Rattan doesn't snap. It becomes mushy. Because it's a fibrous material, the fibers will split lengthwise, resulting in a soft, mushy area.


----------



## Tez3 (Feb 7, 2019)

Dirty Dog said:


> How silly. Because it makes so much sense to regulate access to a stick.






JowGaWolf said:


> That's amazing to me.  So what's the reasoning behind it?  There are so many things that can substitute as a Bo



It's not 'regulated' by UK law, nothing to do with that but it's what the retailers have chosen to do, it's probably as much to do with making sure they get paid as anything.


----------



## JowGaWolf (Feb 7, 2019)

Tez3 said:


> It's not 'regulated' by UK law, nothing to do with that but it's what the retailers have chosen to do, it's probably as much to do with making sure they get paid as anything.


Oh ok.  I thought it was a law.  I was so happy to when New York got rid of their stupid law that made two wooden sticks on a string illegal.  The US has some really stupid laws.  Please don't follow our example, lol.


----------



## Dirty Dog (Feb 7, 2019)

Tez3 said:


> It's not 'regulated' by UK law, nothing to do with that but it's what the retailers have chosen to do, it's probably as much to do with making sure they get paid as anything.



OK, but you also said:


Tez3 said:


> However as I said before you do have to be over 18 to buy them, not 16.



Which certainly sounds like it's a mandatory thing.

You also said (I can dig up the quote, if you like) that you could expect to be stopped by the police for the heinous act of carrying a stick.


----------



## Tez3 (Feb 7, 2019)

Dirty Dog said:


> OK, but you also said:
> 
> 
> Which certainly sounds like it's a mandatory thing.
> ...




Mandatory by the retailers, I posted up a link to their disclaimer. They mandated no selling to under 18s, their prerogative, they have the right, under law, to sell to whom they like or not sell.

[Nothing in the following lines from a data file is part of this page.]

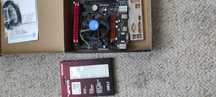 Płyta główna,  RAM 2x4GB, procesor i radiator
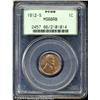 Image 3 : 1912-S 1C MS66 Red and Brown PCGS. The '12-S is on 1912-S 1C MS66 Red and Brown PCGS.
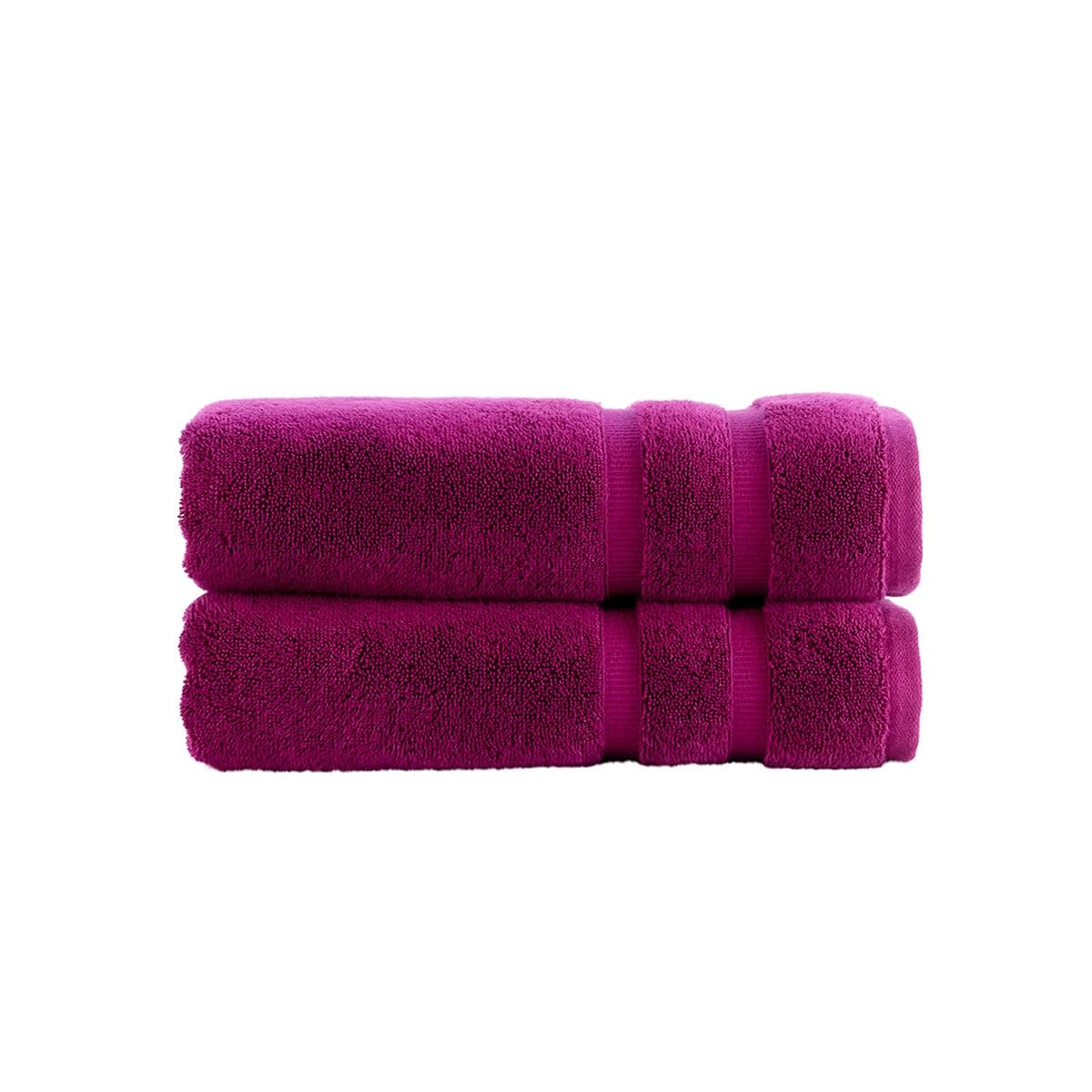 Christy Chroma Bath Towels | Set of 2 | Highly Absorbent Heavyweight 675GSM | Bold and Bright | Soft Velvety Smooth Bathroom Shower Towels | 100% Cotton | Sustainably Made | Ash Grey — view 148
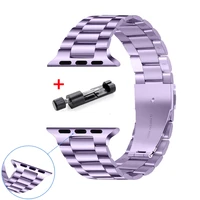band for apple watch strap 42mm 38mm 40mm 44mm metal stainless steel watchband bracelet for iwatch series 6 5 4 3 2 accessories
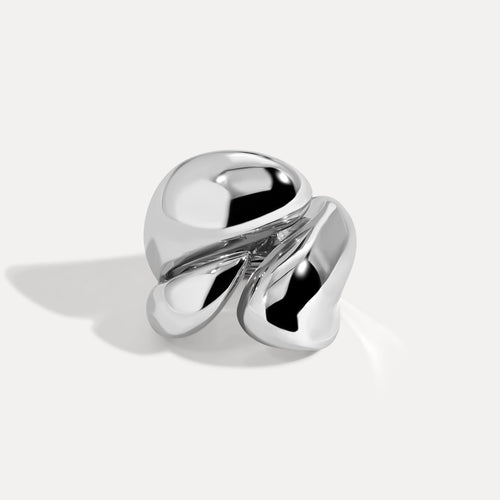 hollow-large-bubble-solid-gold-ring-real-abstract-wearable-art-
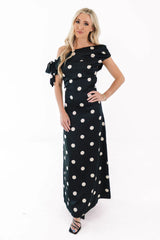 Spotlight Moment Midi Dress - Black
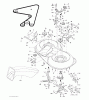 Jonsered LT2218 CMA2 (96061024100) - Lawn & Garden Tractor (2009-01) Ersatzteile MOWER DECK / CUTTING DECK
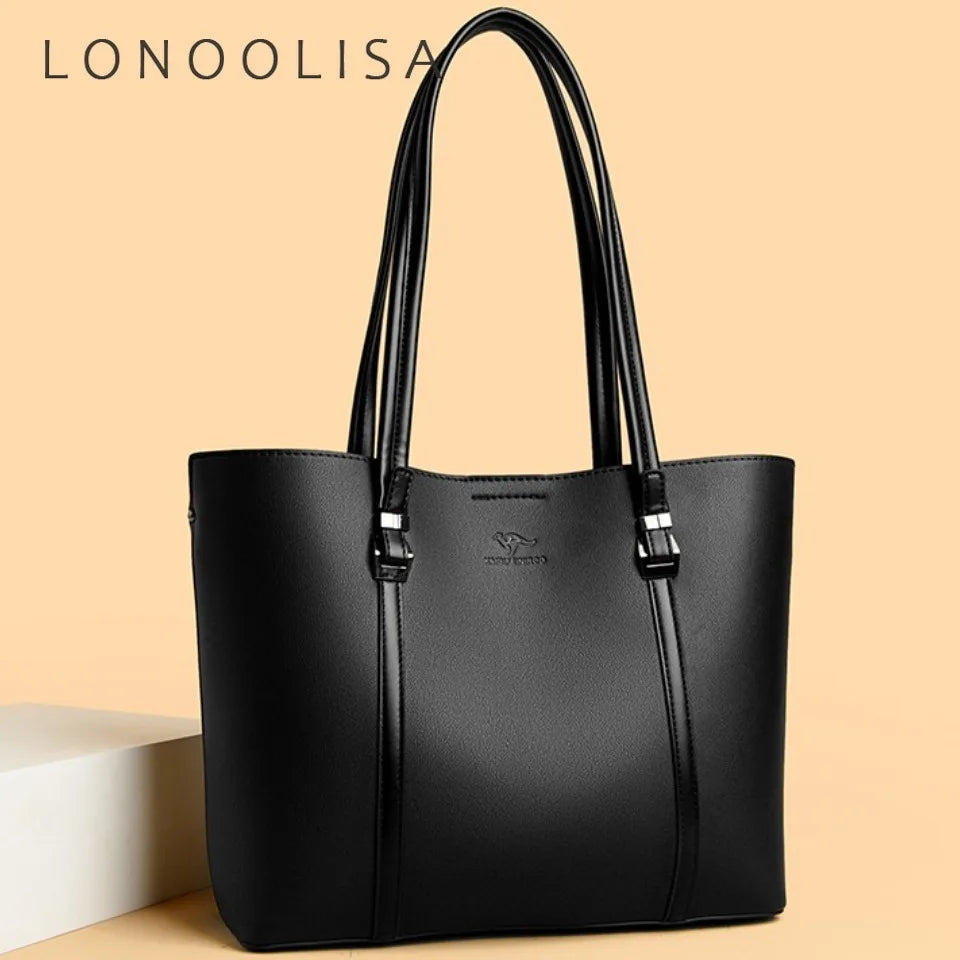 Luxury Shoulder Bags High-End Pu Leather Handbags Caual Tote
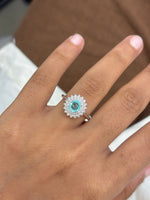 Paraiba Tourmaline Diamond Ring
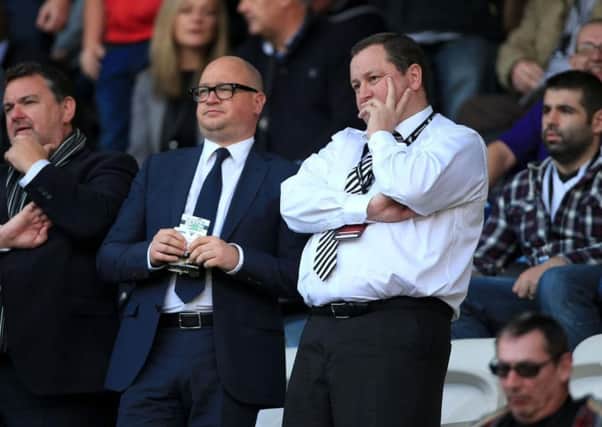 Lee Charnley and Mike Ashley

And a teenager carrying an uncovered 5ft wooden staff through the streets and on public transport in the US wouldn't be of interest to the police? I did say btw stopped not arrested or charged but stopped and asked why. it may be a stick though it could easily be a metal pole they are popular here as an alternative to wood. Common sense tells people to cover and carry in a case or bag. 
 Some American's opinions,  Is it legal or Illegal to bring a Bo Staff on a bus?


----------



## Tez3 (Feb 7, 2019)

JowGaWolf said:


> Oh ok.  I thought it was a law.  I was so happy to when New York got rid of their stupid law that made two wooden sticks on a string illegal.  The US has some really stupid laws.  Please don't follow our example, lol.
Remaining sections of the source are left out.